Hyperscaling violation : a unified frame for effective holographic theories

TL;DR

This paper classifies low-energy effective holographic theories with Lifshitz and Schrödinger symmetries using hyperscaling violation and dynamical exponents, revealing their parameter constraints and connections to microscopic string solutions.

Contribution

It provides a systematic classification of holographic theories based on hyperscaling violation and scaling exponents, linking them to string theory reductions and identifying universal features.

Findings

Classified theories constrained by null energy and specific heat conditions.

Identified universal emblackening factor for Lifshitz theories with one scale.

Connected classifications to microscopic string solutions and their scales.

Abstract

We investigate systematic classifications of low energy and lower dimensional effective holographic theories with Lifshitz and Schr\"odinger scaling symmetries only using metrics in terms of hyperscaling violation ($\theta$) and dynamical ($z$) exponents.
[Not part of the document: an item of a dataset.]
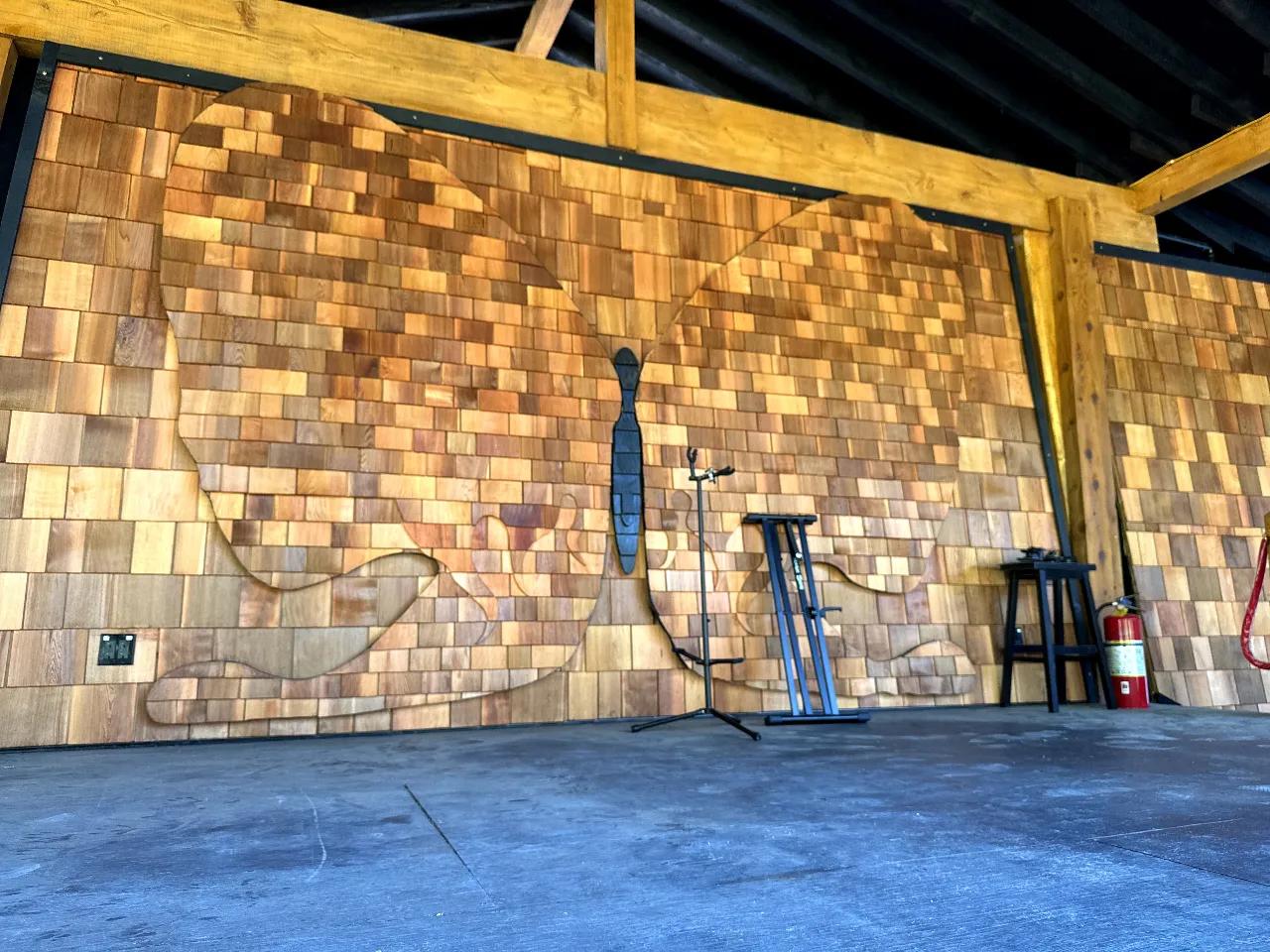 Empty AgeHa stage with backlit butterfly silhouette in cedar shingle backdrop.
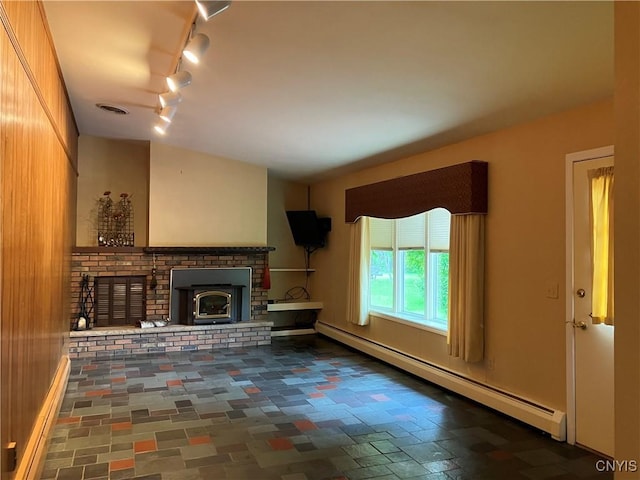 462 Hacadam Rd, Frankfort, NY 13456 - unfurnished living room with a baseboard heating unit and rail lighting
Their consistent parameter spaces are constrained by null energy and positive specific heat conditions, whose validity is explicitly checked against a previously known result. From dimensional reductions of many microscopic string solutions, we observe the classifications are tied with the number of scales in the original microscopic theories. Conformal theories do not generate a nontrivial $\theta$ for a simple sphere reduction. Theories with Lifshitz scaling with one scale are completely fixed by $\theta$ and $z$, and have a universal emblackening factor at finite temperature. Dimensional reduction of intersecting M2-M5 requires, we call, spatial anisotropic exponents ($\sharp$), along with $z$=1, $\theta$=0, because of another scale. Theories with Schr\"odinger scaling show similar simple classifications at zero temperature, while require more care due to an additional parameter being a thermodynamic variable at finite temperature.